1. **Old sitemap has 10,000+ URLs** → Process in batches; apply pattern matching first (highest coverage, lowest compute); note that content similarity is not feasible at this scale.
2. **Old pages are no longer accessible** → Content similarity (Phase 4) cannot run. Proceed with pattern + slug only and flag the limitation.
3. **New sitemap has far fewer URLs than old** → Likely a site consolidation migration. Many old URLs will become 410 candidates. Confirm this is the intent before marking as 410.
4. **User supplies a redirect map that already exists** → Check for: chains (A→B→C), loops (A→B→A), and duplicate old URLs with conflicting new URLs. Report issues before generating new config.

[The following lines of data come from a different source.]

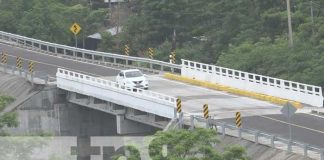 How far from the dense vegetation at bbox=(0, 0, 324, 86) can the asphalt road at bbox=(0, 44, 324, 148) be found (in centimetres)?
904

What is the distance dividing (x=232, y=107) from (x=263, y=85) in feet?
16.6

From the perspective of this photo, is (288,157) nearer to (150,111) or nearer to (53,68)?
(150,111)

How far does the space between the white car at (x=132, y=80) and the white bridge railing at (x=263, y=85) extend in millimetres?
4712

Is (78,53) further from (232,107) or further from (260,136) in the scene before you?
(260,136)

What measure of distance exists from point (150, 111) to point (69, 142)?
18366 mm

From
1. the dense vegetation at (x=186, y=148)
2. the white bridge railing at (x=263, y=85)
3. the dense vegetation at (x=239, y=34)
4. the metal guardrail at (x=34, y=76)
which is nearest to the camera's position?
the dense vegetation at (x=186, y=148)

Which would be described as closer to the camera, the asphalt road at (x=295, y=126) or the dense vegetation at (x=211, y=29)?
the asphalt road at (x=295, y=126)

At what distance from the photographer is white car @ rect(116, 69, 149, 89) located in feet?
199

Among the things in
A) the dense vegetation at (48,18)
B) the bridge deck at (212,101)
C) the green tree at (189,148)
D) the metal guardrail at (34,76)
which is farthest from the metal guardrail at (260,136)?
the dense vegetation at (48,18)

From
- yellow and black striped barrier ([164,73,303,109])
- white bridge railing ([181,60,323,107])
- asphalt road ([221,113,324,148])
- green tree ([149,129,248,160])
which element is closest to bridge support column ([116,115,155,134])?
yellow and black striped barrier ([164,73,303,109])

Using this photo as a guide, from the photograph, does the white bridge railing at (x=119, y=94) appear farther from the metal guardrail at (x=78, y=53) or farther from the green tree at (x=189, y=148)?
the green tree at (x=189, y=148)

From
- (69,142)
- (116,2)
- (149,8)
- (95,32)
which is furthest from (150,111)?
(116,2)

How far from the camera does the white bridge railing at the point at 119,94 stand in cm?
5116

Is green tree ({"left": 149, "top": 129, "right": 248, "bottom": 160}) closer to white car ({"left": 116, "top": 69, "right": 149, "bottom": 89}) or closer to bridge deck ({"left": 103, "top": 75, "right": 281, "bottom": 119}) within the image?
bridge deck ({"left": 103, "top": 75, "right": 281, "bottom": 119})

5. **JavaScript-rendered site** → Server-side redirects still apply. Note that JS redirects (window.location) are not crawled efficiently by Googlebot — recommend server-side 301s only.
6. **HTTPS migration included** → HTTP→HTTPS redirects should be handled at the server level (HSTS, force-HTTPS setting) separately from URL path redirects. Do not mix them in the same redirect map.